Even so, I'd suggest it would still be simpler and safer if the DNS reassignment is the final step, executed only when I'm ready. If an abort is warranted for any reason, then it would merely be a matter of turning off maintenance mode on the original server, and wouldn't need a step where I or the cloudron installer reverted the DNS state, which could be slow and/or another potential point of failure.
-
@girish I made an update in that git issue you created, as I ran into this situation today where I wanted to test something and didn't want to switch DNS records, but couldn't find a way past this so it was stuck in "Waiting for DNS propagation" state. I looked to follow the git issue you created but I see you closed it just a couple of weeks ago, and I'm not certain why exactly. Not sure if you want to continue this conversation in the git issue or this forum post, but letting you know just in case as this is the first I've also created a statement in a git issue for Cloudron.
-
The documentation states "It is recommended to not delete the old server until migration to new server is complete and you have verified that all data is intact (instead, just power it off)." but this implies that the restore should effectively complete before switching to it, yet the restore requires DNS changes first. So this seems like a contradictory workflow to me.
-
@d19dotca I have to admit, I don't remember why I closed that issue with a cryptic message. I have re-opened it. There is no workaround that I can immediately think of to try to restore a Cloudron with the existing one still running. FWIW, you can always restore apps easily using the import functionality.
-
@girish Thank you for re-opening that. In my particular use-case, I was trying to follow the steps from my VPS provider for extending my disk size (it isn't quite as straightforward as DigitalOcean for example where I can just hit a button and it's done), it's a bit more "old school" with lots of stuff to do in their UI and also at the command line level, but it's certainly do-able. So I wanted to test this out on a new VPS to make sure Cloudron would see the new disk size, etc and walk through the full process that I intended to do at a scheduled time later on where I'd then make a floating IP switch and be done with it. However this test wasn't really completed because of the "Waiting on DNS" stuff in the restore process.

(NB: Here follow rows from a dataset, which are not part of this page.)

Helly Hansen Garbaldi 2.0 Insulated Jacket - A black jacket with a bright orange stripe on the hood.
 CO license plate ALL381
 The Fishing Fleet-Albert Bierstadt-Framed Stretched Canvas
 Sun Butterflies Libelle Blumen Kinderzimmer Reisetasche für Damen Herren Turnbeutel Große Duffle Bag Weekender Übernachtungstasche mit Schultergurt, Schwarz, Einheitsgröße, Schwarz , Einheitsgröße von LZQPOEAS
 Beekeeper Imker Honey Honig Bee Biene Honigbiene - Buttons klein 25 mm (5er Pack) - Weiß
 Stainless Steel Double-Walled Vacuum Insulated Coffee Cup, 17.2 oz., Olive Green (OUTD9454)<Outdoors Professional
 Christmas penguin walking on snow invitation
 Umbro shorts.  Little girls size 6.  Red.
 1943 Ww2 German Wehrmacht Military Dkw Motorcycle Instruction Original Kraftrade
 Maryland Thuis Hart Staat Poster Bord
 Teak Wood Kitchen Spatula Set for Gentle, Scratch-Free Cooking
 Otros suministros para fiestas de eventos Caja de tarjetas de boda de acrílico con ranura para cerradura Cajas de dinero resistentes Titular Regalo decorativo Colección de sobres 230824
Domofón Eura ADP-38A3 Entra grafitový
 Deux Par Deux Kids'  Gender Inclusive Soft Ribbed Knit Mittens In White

So one thing I could do as a workaround is actually create a VM snapshot of my current one, then use that on a new volume and then make it the boot disk of a new VPS. However, this takes a long time to do and I'd be worried what I'd do for emails and such that arrive at the old Cloudron until the time I've switched it all over to the new one, because there'd be an inconsistency then after an hour or so has passed until I can get it all setup and done.
It's okay though, we can take up that last part in the other forum post I made for it, but that was just my use-case and reason why I was expecting not to have to wait for DNS to propagate so I could actually complete my test and get into the dashboard and verify it sees the extended disk size, etc.
-
Is it possible this can be considered for 6.2, @girish ? I really feel like this is a critical component in order to test backups, setup new instances without flipping the DNS to it yet, etc. Without it, it makes it hard to to proper testing before migrating a Cloudron to a new server, etc. I'd like to do some test runs before the real one when I have a dozen+ clients relying on it (some of which are fairly critical to their business that can't survive too much downtime or flipping between one and back to the other if performance is not as great as expected on the new server for example).
I realize there are some workarounds available in certain scenarios, but they aren't accessible to everyone at any time (i.e. switching my.<hostname>.<tld> to new server to test) if users are needing access to the Cloudron Dashboard, etc.
-
@d19dotca OK, I have scheduled https://git.cloudron.io/cloudron/box/-/issues/737 for 6.2, let's see.